The biological sciences are continuously transformed and invigorated by adopting techniques from physics and chemistry. Since WWII sequencing of proteins and DNA, NMR, mass spectrometry, lasers, electron microscopy, chromatography, PCR, etc. all received Nobel Prizes for Physics or Chemistry, and these technological revolutions have had stunning impact in the biological sciences.
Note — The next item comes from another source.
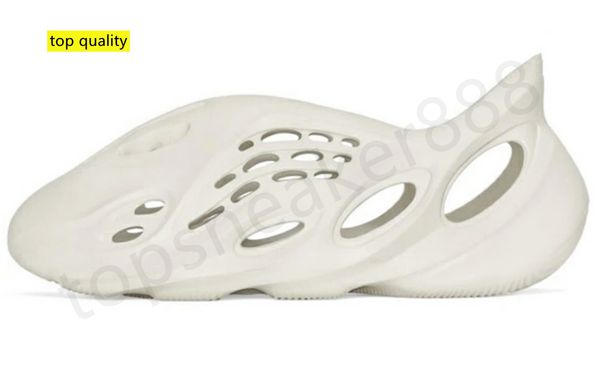 

2020 горячие kanye west слайды пены runner 450 пена бегун канье уэст забивают сандалии тройной черный слайд моды тапочки тройной черный мода, Black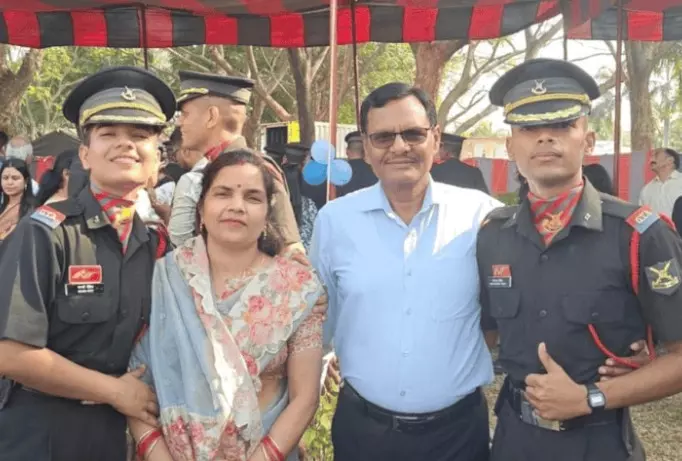 Etah: भाई-बहन ने हासिल की सेना में शानदार सफलता Etah: भाई-बहन ने हासिल की सेना में शानदार सफलता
The inventor of optogenetics, Gero Miesenböck, wrote a primer for that field in 2009 entitled “The Optogenetic Catechism”[90]. Just like genetically encoded sensors and actuators, photochemical probes can form a similar interrogative partnership that question and answer cell function (the “catechism”). Caged compounds, unlike DNA delivered actuators, are unlimited in which molecule they can control photochemically. Thus, both natural and non-natural products can be subjected to the uncaging method. Their scope is only limited by our imagination and ability as chemists to deliver optical probes for the biological sciences.
Acknowledgements.
I want to thank the editor, Dr Eric Castro, for many constructive criticisms during the preparation of this article. My laboratory has been continuously supported a RO1 award from the NIH, GM53395, since 1995. Recently, I obtained an “Outstanding Investigator Award” from the NIH (R35, NS111600). I want to acknowledge the visionary support of the HFSP for projects that the NIH will not fund because they are considered too risky. I am privileged to have my third HFSP currently (RGP0035/2020).
Biography.
I obtained my Ph.D. in chemistry at the University of Reading in 1982, under the supervision of Prof. Derek Bryce-Smith (he discovered aromatic photochemistry in 1957). The external examiner for my Ph.D. was John Coyle, a mentee of Prof. John Barltrop, the inventor of photosensitive protecting groups. After this, I did postdoctoral studies at the University of Pennsylvania with Prof. Jack Kaplan, the inventor of caged compounds. From 1996 I was a Professor of Physiology (Drexel University, Philadelphia), until 2010, when I became a Professor of Neuroscience (Mount Sinai, NYC).